The dream would be to be able to have a finished product of a decent size (if you excuse the pun) and all I can really offer to a potential collaborator would be an even split on any profit in the long run - but if anyone has any ideas or anyone wants to chat to me then feel free to get in contact with me on FA if and when you can, or reply in this thread! I'm just trying to look for ideas how I could really move this forward to the next level of the project...


----------



## Ilayas (Sep 11, 2012)

So it's a hyper/macro comic.  I'm not interested (because that's not really my thing) but I am wondering how you plan on generation profit from this comic?


----------



## lizzimba (Sep 11, 2012)

The aim long term would be to get a coloured or neat version to perhaps be sold at cons or online. At the.moment I'm just concentrating on getting the pencil sketch version finished. That said, this really is more a labour of love first and foremost and the driving force would be to have a complete looking finished product and it would probably be up to an artist to show a similar kind of love to get it done more then for any huge financial gain.

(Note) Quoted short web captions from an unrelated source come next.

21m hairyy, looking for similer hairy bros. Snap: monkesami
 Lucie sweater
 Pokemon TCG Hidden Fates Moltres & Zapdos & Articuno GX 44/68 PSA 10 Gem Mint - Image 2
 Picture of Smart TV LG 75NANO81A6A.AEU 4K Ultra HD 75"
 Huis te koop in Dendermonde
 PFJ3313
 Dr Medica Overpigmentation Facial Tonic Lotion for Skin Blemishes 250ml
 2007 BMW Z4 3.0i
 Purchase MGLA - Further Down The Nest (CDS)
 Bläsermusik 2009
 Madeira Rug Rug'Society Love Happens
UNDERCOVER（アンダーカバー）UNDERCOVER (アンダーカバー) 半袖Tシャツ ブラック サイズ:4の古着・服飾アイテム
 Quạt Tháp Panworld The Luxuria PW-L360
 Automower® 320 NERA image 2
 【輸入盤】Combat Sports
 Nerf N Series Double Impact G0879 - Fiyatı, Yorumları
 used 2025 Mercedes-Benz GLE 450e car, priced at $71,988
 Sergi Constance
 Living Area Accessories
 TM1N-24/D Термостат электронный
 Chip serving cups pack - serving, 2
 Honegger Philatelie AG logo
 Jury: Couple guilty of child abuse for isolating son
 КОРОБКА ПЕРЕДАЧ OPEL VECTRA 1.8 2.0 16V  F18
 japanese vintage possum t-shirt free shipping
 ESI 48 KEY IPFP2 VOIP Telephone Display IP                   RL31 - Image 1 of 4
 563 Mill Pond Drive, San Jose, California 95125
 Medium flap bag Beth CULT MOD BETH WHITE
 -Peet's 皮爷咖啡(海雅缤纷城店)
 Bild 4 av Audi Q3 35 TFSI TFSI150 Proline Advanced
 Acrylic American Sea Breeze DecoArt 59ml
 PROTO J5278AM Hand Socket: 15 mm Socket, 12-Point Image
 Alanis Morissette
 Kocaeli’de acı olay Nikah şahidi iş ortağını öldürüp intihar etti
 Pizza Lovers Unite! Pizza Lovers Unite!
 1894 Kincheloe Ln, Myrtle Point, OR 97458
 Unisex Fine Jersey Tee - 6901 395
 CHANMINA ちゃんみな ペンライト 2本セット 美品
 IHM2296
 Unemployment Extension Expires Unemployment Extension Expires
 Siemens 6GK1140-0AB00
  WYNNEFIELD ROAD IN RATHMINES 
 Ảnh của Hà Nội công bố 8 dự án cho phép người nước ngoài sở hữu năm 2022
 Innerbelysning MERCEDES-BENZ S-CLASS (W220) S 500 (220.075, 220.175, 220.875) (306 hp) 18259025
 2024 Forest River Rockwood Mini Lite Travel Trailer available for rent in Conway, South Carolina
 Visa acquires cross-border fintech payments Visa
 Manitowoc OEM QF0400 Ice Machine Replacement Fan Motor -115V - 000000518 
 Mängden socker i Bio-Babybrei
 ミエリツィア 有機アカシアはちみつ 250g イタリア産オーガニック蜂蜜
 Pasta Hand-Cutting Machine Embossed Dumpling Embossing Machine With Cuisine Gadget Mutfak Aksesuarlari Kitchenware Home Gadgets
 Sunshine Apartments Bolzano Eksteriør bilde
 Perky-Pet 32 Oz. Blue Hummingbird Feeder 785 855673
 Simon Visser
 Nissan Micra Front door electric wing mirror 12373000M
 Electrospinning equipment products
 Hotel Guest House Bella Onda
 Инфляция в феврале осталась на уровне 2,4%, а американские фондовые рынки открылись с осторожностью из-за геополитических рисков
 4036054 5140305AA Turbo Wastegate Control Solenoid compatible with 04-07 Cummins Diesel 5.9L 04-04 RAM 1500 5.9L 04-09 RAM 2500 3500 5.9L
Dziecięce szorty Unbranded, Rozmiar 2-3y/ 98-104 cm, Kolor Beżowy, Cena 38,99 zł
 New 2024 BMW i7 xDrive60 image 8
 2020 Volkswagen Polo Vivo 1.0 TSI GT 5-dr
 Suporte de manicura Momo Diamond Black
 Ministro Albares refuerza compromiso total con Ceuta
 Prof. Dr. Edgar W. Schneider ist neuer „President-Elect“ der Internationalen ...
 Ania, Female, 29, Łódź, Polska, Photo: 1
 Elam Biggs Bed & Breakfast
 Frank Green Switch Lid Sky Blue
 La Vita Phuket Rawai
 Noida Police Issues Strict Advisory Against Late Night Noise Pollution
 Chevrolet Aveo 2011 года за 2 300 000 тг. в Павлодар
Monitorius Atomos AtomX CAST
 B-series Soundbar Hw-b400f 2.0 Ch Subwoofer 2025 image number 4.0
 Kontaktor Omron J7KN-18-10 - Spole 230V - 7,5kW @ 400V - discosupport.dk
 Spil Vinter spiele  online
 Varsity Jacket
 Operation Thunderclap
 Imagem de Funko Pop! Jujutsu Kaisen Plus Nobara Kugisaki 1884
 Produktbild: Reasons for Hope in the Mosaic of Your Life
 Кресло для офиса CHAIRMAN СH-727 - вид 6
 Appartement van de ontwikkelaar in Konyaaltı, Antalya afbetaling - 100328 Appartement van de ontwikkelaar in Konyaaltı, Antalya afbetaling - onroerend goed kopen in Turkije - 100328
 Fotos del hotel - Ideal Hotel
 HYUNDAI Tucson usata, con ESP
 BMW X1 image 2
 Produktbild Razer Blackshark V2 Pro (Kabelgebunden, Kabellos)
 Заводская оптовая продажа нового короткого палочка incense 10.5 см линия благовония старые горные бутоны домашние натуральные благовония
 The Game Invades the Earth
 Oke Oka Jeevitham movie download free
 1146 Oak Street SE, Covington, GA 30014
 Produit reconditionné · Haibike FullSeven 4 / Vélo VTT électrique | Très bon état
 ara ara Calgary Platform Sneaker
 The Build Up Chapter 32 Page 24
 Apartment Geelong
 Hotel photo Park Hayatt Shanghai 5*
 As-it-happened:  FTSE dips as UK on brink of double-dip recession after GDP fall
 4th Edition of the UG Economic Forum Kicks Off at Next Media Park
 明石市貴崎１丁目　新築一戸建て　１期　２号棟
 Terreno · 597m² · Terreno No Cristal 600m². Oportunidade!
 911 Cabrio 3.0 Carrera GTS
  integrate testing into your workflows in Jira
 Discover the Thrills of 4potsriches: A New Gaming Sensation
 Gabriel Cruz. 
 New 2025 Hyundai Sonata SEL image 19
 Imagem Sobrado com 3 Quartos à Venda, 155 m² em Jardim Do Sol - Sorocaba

Also the comic isn't hyper or anything like that, its merely a growing and shrinking kinda affair.


----------



## sunandshadow (Sep 11, 2012)

Try sofurry's art forum too, if you haven't yet.


----------



## lizzimba (Sep 12, 2012)

sunandshadow said:


> Try sofurry's art forum too, if you haven't yet.



I'll look into that sunandshadow thanks.


----------



## lizzimba (Sep 12, 2012)

Ok put a thread up on Sofurry. 

Also was looking into Manga Studio and was playing around with the trial toand sopt at that would really be the answer, but I dunno if I can find that person.


----------



## HipsterCoyote (Sep 12, 2012)

By "labor of love" you mean 'for free', right? Because I'll color the hell out of a comic, and provide background illustrations since an environments artist is What I Want To Do With My Life, but not fo' free.


----------



## lizzimba (Sep 12, 2012)

Well right now HipsterCoyote Im not in a position to pay for it all to be done, so the best I can offer right now is a split on all profits on the comic which could potentially be lucrative as its very popular and upon completion will be the longest comic of its kind. I want.nothing more then to just pay someone up front but until I have decent money rolling in I can't.make that happen, but I also feel pike I might miss the boat as well if I can't get the ball rolling somehow. There is no way I would let it go unpaid in general though and the potential is there to form a real collaboration in future for other projects. Perhpas we can at least discuss the possibility Hipster see what we could maybe work out?


----------



## HipsterCoyote (Sep 12, 2012)

Sure thing.  Send me a note.


----------



## lizzimba (Sep 13, 2012)

Talking to Hipster, but still looking at options if anyone would like to talk to me or throw their hat into the ring :3


----------